It’s no longer just a military story. Businesses also are on high alert. Massive data thefts from Target, Home Depot and JP Morgan and major business disruptions in other nations targeted by Russia, China and North Korea are evidence that secure data is, in fact, insecure and at risk. It is no longer a question of whether your site will be attacked. It will be. The question now is how prepared are you, as a corporation, as a utility, as a local government entity, for that attack?

Some of those seen in attendance Tuesday included highly skilled Air Force veterans now working in the city’s growing civilian cybersecurity sector, individuals who believe the city has an enormous opportunity if it can seize the day, galvanize its economic development forces, and launch a sustained campaign to recruit more cybersecurity military missions and some of the fast-growing civilian startups around the country to move here.

Done right, cybersecurity could become the next big thing in San Antonio, a generator of thousands of new, high-paying jobs, and the biggest wave of entrepreneurial activity and wealth creation here since the rise of Rackspace. The city’s military history, welcoming environment and brain trust of retired military commanders are competitive advantages few cities can match. Alexander said as much at the end of his remarks on Tuesday, praising the city’s pro-military culture and key retired military leaders who now live and work here.

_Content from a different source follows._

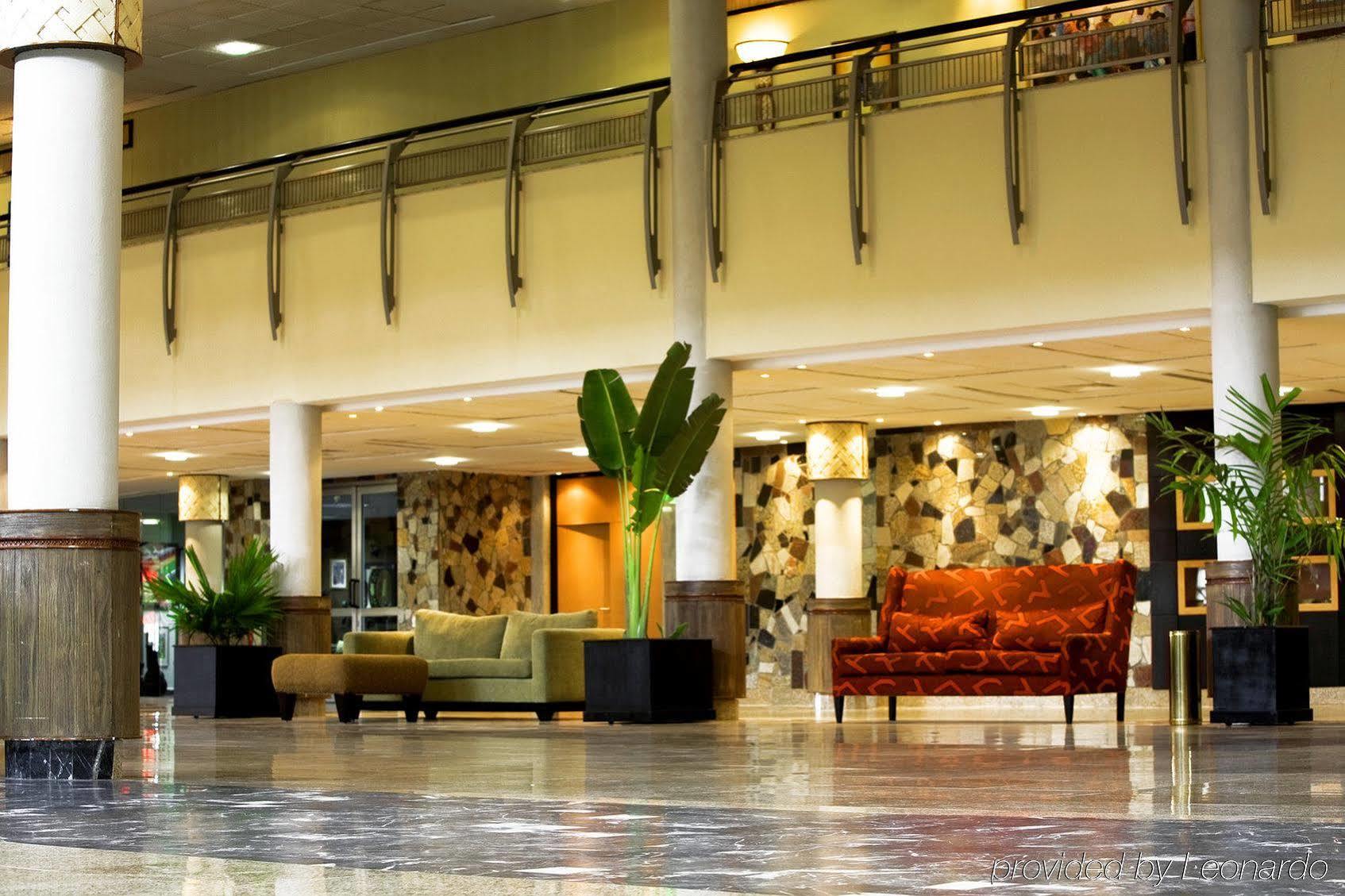 Ibom Hotel & Golf Resort Uyo Dalaman gambar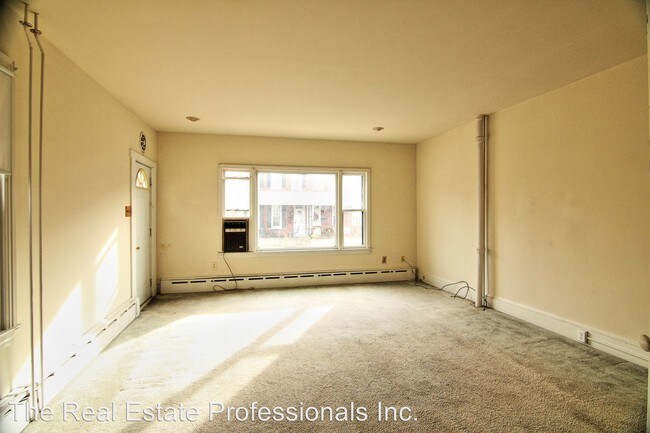 Building Photo - 5 br, 1 bath House - 323 Glasgow Street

The average citizen is largely oblivious to the robust intelligence community at work here now, but it is growing and becoming more mission critical. Where San Antonio once played a regional role as a quiet listening post on Latin America, it now plays a global role. Some say the NSA presence here is second now only to Fort Meade, MD.

Since 2010, Port San Antonio’s Kelly Center has been home to the 24th Air Force, a key component in the U.S. Cyber Command where 1,300 skilled cybersecurity workers safeguard all Air Force IT systems. Since earlier this year, Joint Base San Antonio-Lackland has become the new home of the 25th Air Force, the Air Force Intelligence, Surveillance and Reconnaissance Agency, which engages in electronic warfare and other related operations. The NSA, headquartered outside Washington, D.C. in Fort Meade, MD, operates several major facilities elsewhere in the United States, including NSA Texas in San Antonio, which includes the Texas Cryptologic Center at Lackland’s Medina Annex, and a fast-growing operation at the former Sony chip plant in Northwest San Antonio that closed in 2003 and re-opened in 2010 as a tightly guarded NSA facility. The workforce size and mission remain classified. The massive array of air conditioning and cooling units on the facility’s rooftop suggest the 94,000 sq. ft. building has been transformed into one giant network of super-computers.

Some industry sources say the number of workers could be as high as 7,500.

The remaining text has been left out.